▶ [Assignment]:
The answer is to be the lines below that lie between the line holding "All right, let's" and the line holding "Today I'm working", inclusive, transcribed exactly and free of pictures.

▶ [Data listing]:
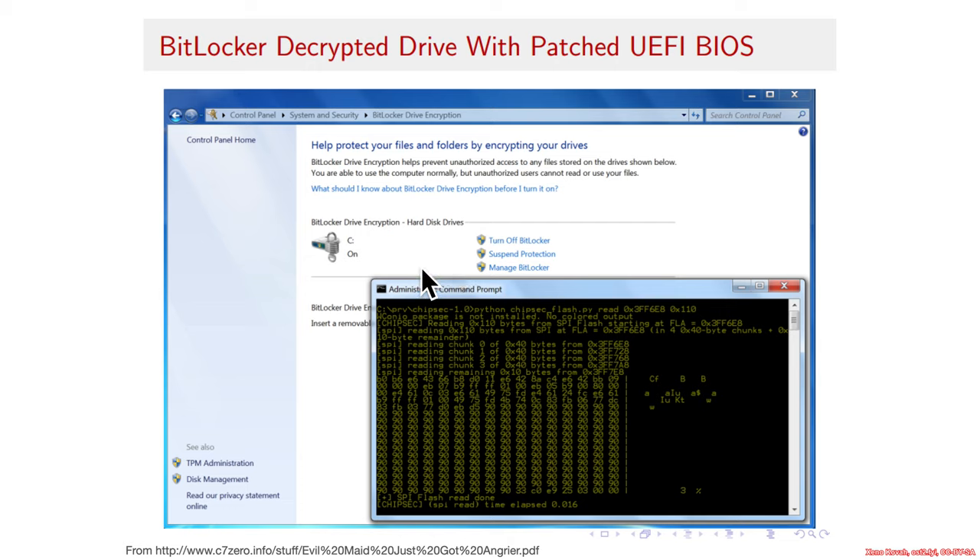BitLocker was configured with maximal protection, and it was supposed to be the case that if any TPM measurements changed, you shouldn't be able to get into the system — the key for decrypting your full disk encryption should not be made available, because if the system was compromised early at boot in the BIOS, they could steal your password as you're logging in and decrypt your hard drive. But Yuri showed he could write to areas that were supposed to be measured but were not actually being measured. Consequently, an attacker could put in proof-of-concept shellcode while BitLocker remained unlocked. We showed the same sort of thing on a Dell enterprise-grade laptop, with a full reverse engineering of the measurement algorithm.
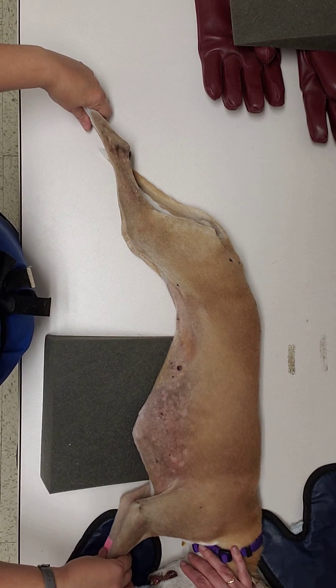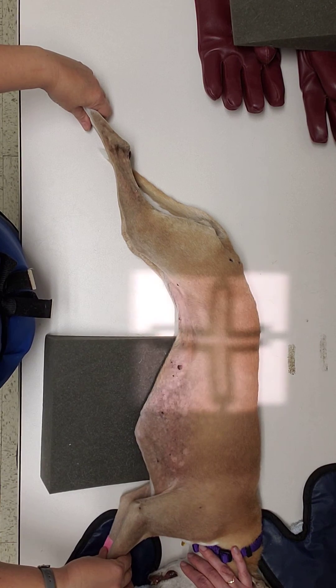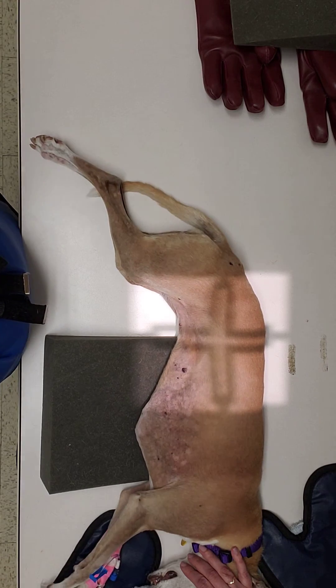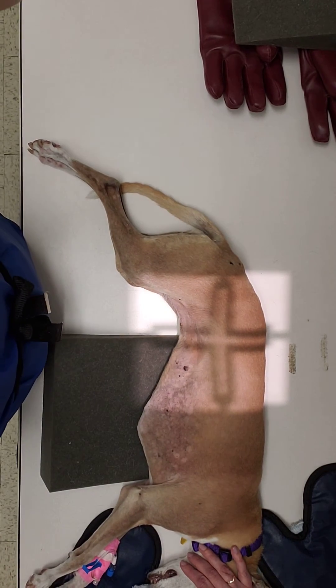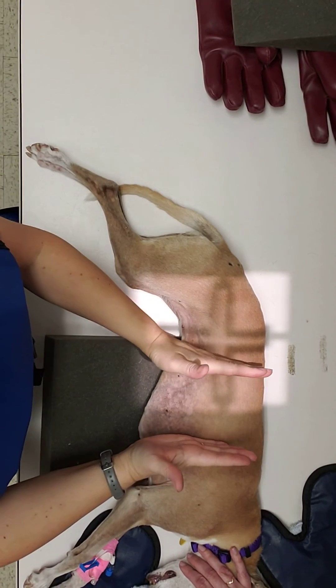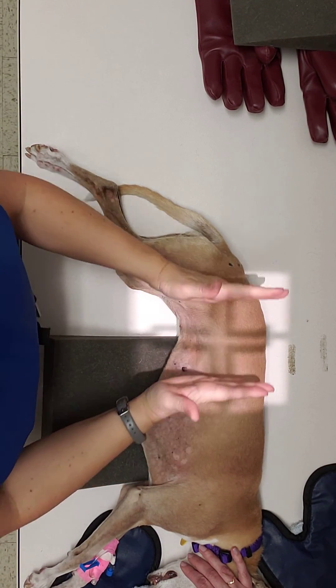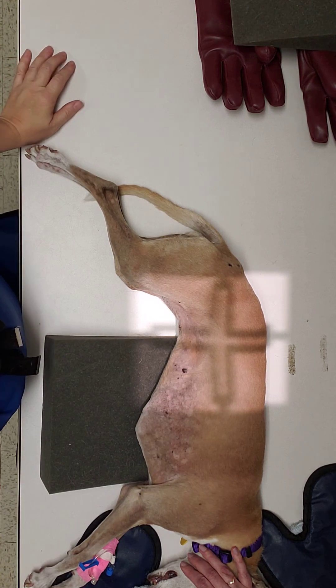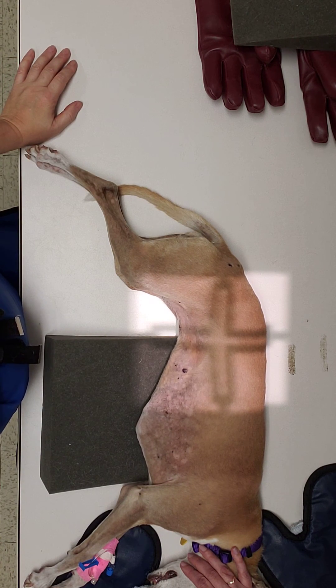One of the things you want to keep in mind is she's actually small enough to fit on this radiograph. If she was a larger dog, you would possibly have to take the cranial aspect of her abdomen and then her caudal aspect of her abdomen separately. And that would be what you need to do for positioning and collimation of your lateral abdomen.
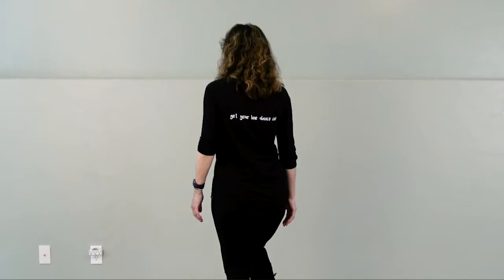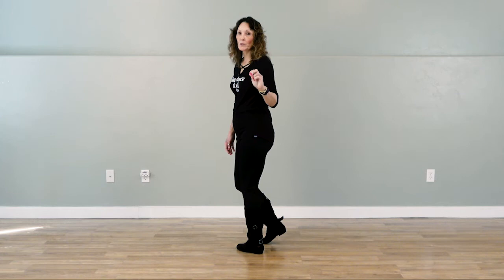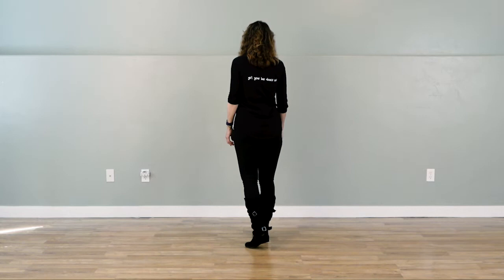Now we're going to step on the right and kick, and step on the left and kick. For the next section, we're going to do two shuffle steps, and the second one is going to have a half turn. So it looks like this: shuffle step forward, step, pivot, step forward.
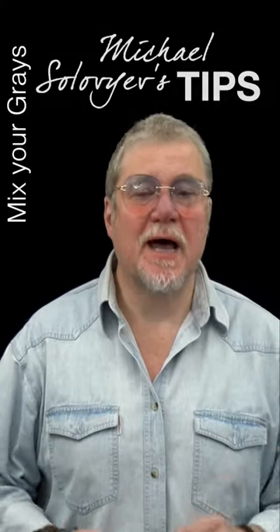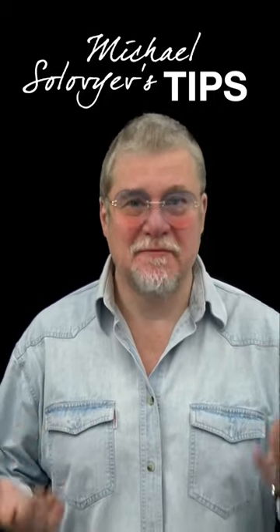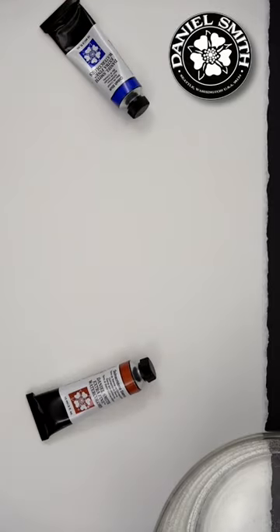One of the most important abilities in your painting is to mix gray colors — simple and fast. I will show you a few tricks. One of the most beautiful grays you can have comes from using those two.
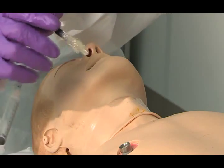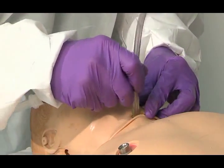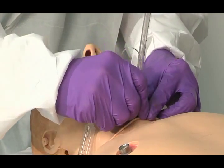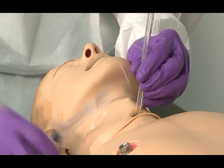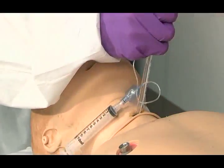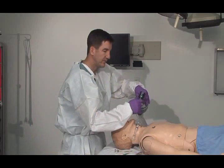Your tube is already set, ready to go — placed in just past the cuff. You don't need to put it in as much as you normally would. Inflate your cuff and begin ventilating.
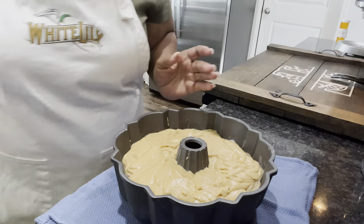All right, let's get everything out of here — everything's done, everything's gone, like we like it. Going in the oven on 325. I'll let y'all know exactly how long it took for her to bake.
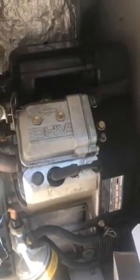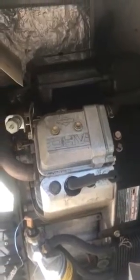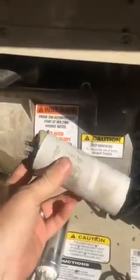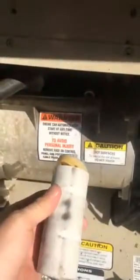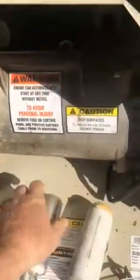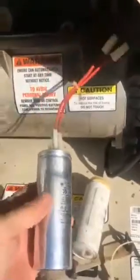Today I'm working on a Briggs & Stratton 12,000 watt standby propane generator. It has a bad capacitor — here's what one looks like, and here is the replacement. I'm already wiring it up and decided to make a video to show you how and where to change the capacitors.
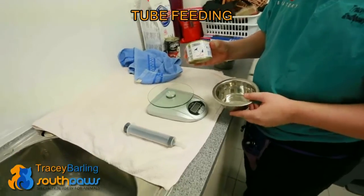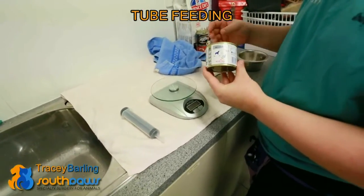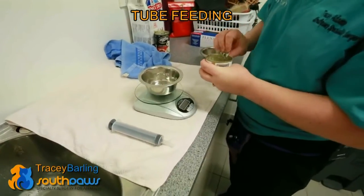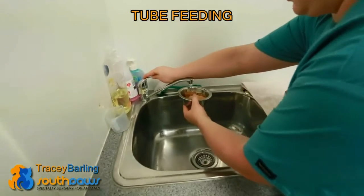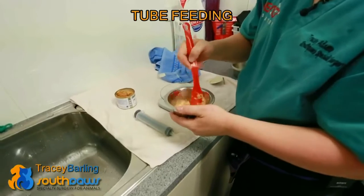It's Recovery — a diet rich in vitamins and minerals for animals that are recovering from surgery. We weigh out how much we want the cat to have per feed, and then we mix water with it and make it into a slurry so that it is capable of going through the feeding tube.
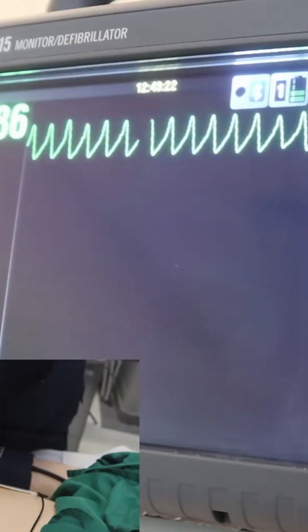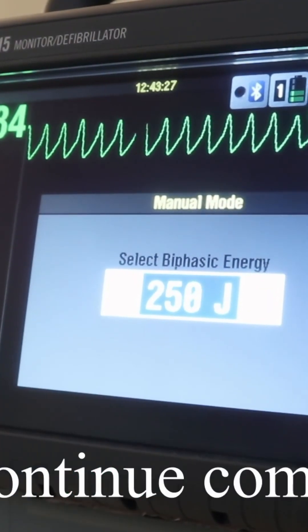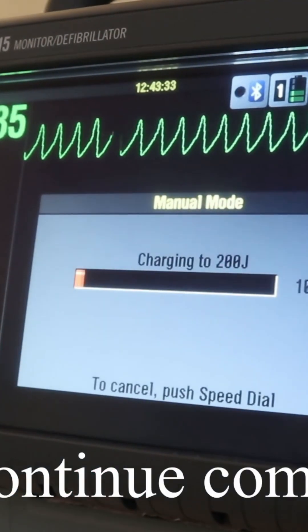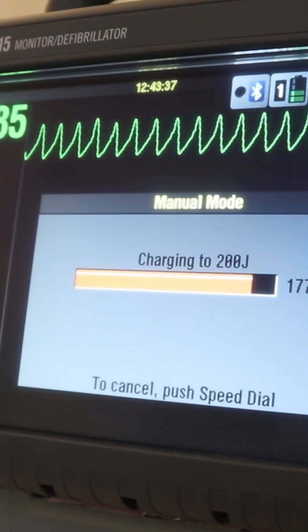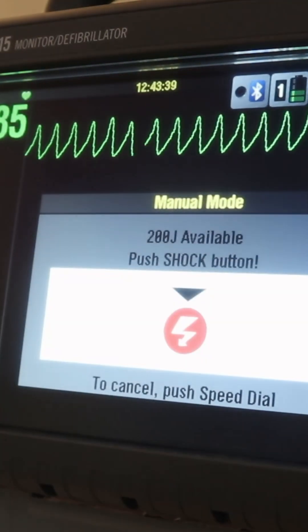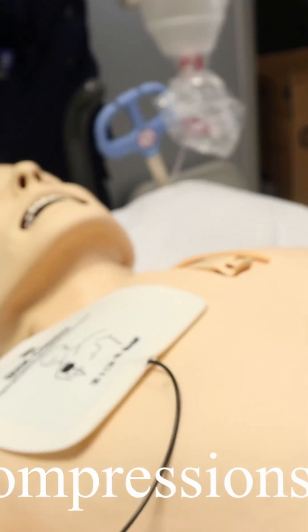Do not stop compressions unless the machine is charged. Let's see how to give external defibrillation successfully. Initially I have to select the proper joules, then I will charge the defibrillator. I will make sure the oxygen is disconnected. If using paddles, apply firm pressure to decrease the transthoracic resistance.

▶ [Response area]:
All right, let's get everything out of here — everything's done, everything's gone, like we like it. Going in the oven on 325. I'll let y'all know exactly how long it took for her to bake.
Today I'm working on a Briggs & Stratton 12,000 watt standby propane generator. It has a bad capacitor — here's what one looks like, and here is the replacement. I'm already wiring it up and decided to make a video to show you how and where to change the capacitors.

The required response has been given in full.